▼▼▼
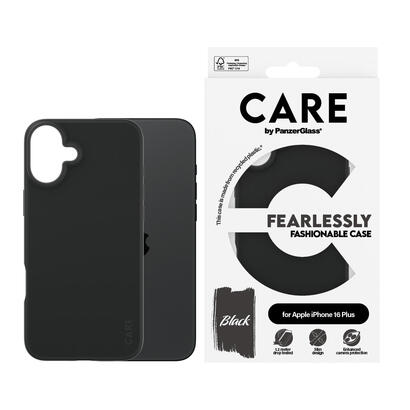 funda-panzerglass-fashion-colors-iphone-16-plus-schwarz
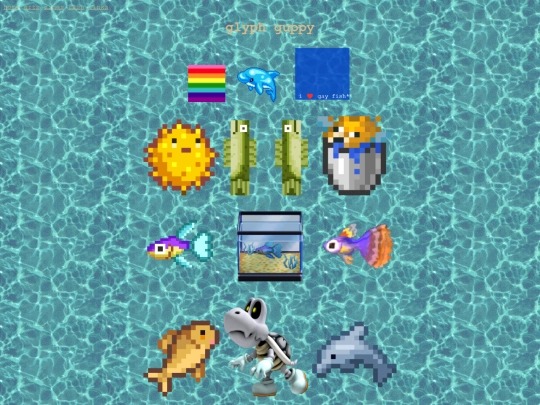 fish screenshot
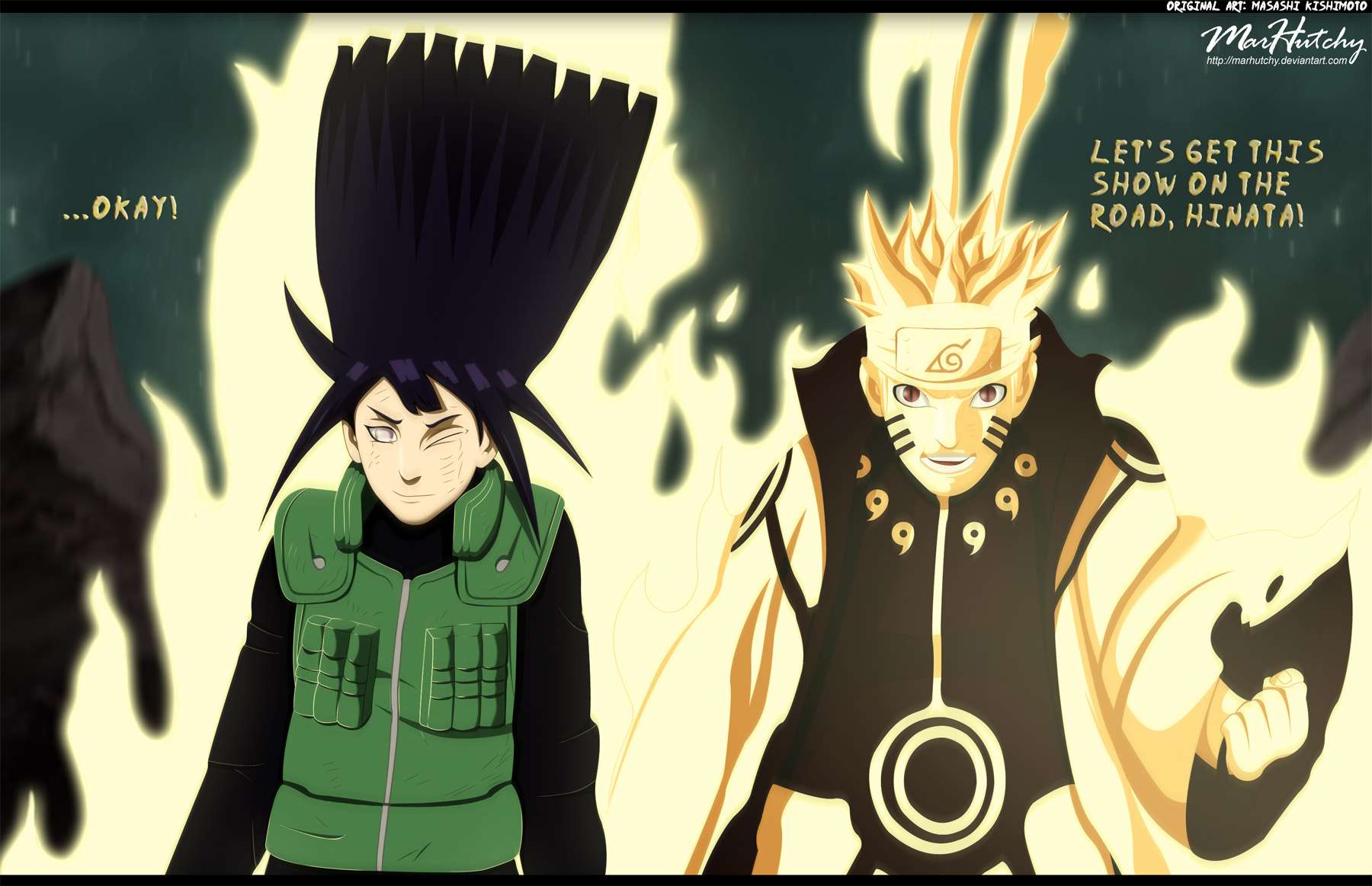 Naruto: Chapter 629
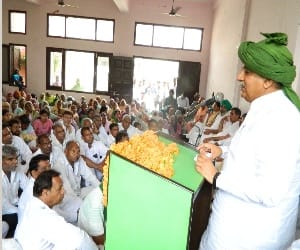 INLD attacks on cong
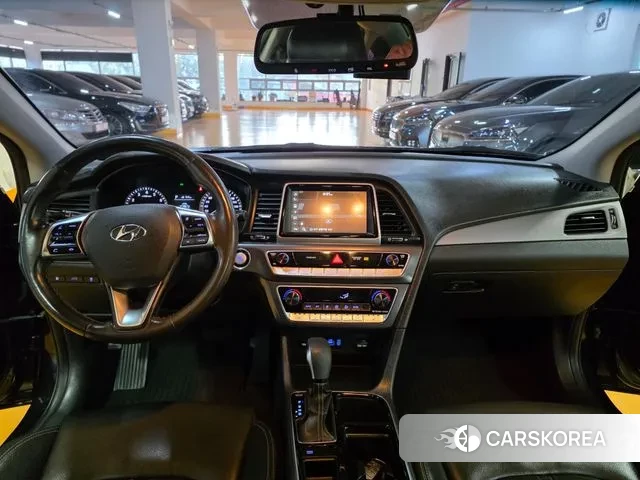 Hyundai Sonata New Rise id 3375282 из Кореи 17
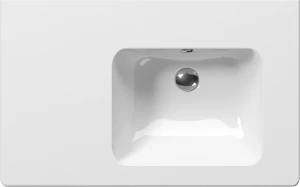 8857111 Встроенная раковина под столешницу овальная GSI ceramica City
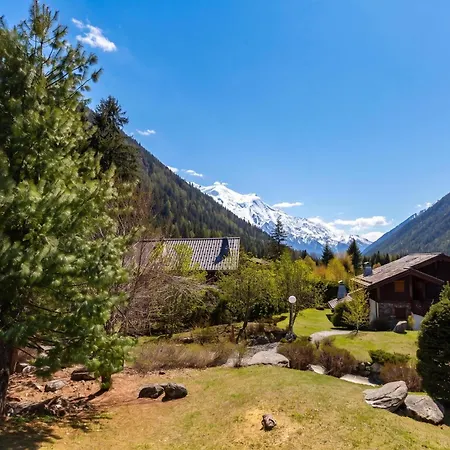 Village Des Oursons Apartmán Chamonix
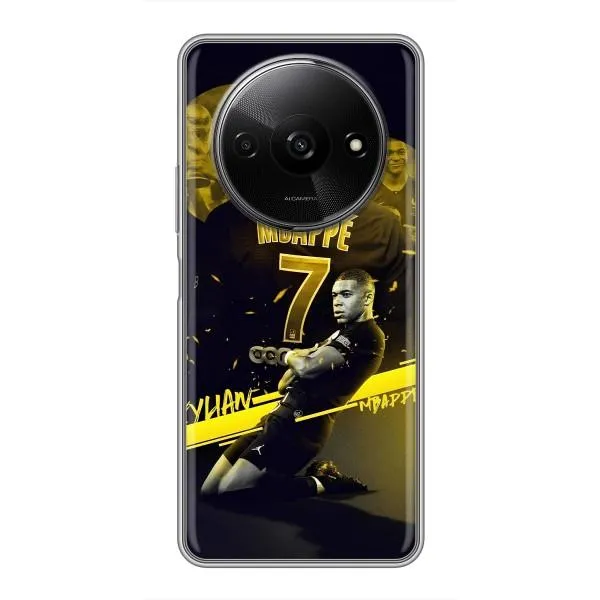 Чехол с принтом «Mbappe» для Xiaomi Redmi A3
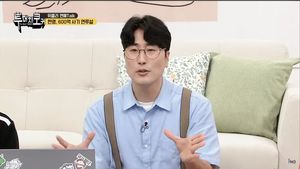 황영진 "600억 &apos;맘카페&apos; 사기 피의자, 추종 연예인 多"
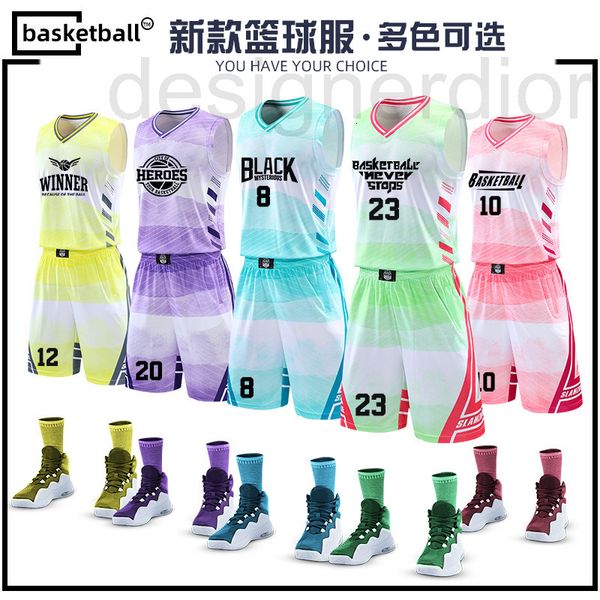 basketball sets designer suit men's group purchase sports training clothes children's game team summer vest primary school student, Black;red
basketball sets designer suit men's group purchase sports training clothes children's game team summer vest primary school student, Black;red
▲▲▲
| INSTRUCTIONS FOR THE TASK |
What you give back should be the full material above, retyped exactly, with every image removed.

| ANSWER TO THIS EXERCISE |
 funda-panzerglass-fashion-colors-iphone-16-plus-schwarz
 fish screenshot
 Naruto: Chapter 629
 INLD attacks on cong
 Hyundai Sonata New Rise id 3375282 из Кореи 17
 8857111 Встроенная раковина под столешницу овальная GSI ceramica City
 Village Des Oursons Apartmán Chamonix
 Чехол с принтом «Mbappe» для Xiaomi Redmi A3
 황영진 "600억 &apos;맘카페&apos; 사기 피의자, 추종 연예인 多"
 basketball sets designer suit men's group purchase sports training clothes children's game team summer vest primary school student, Black;red
basketball sets designer suit men's group purchase sports training clothes children's game team summer vest primary school student, Black;red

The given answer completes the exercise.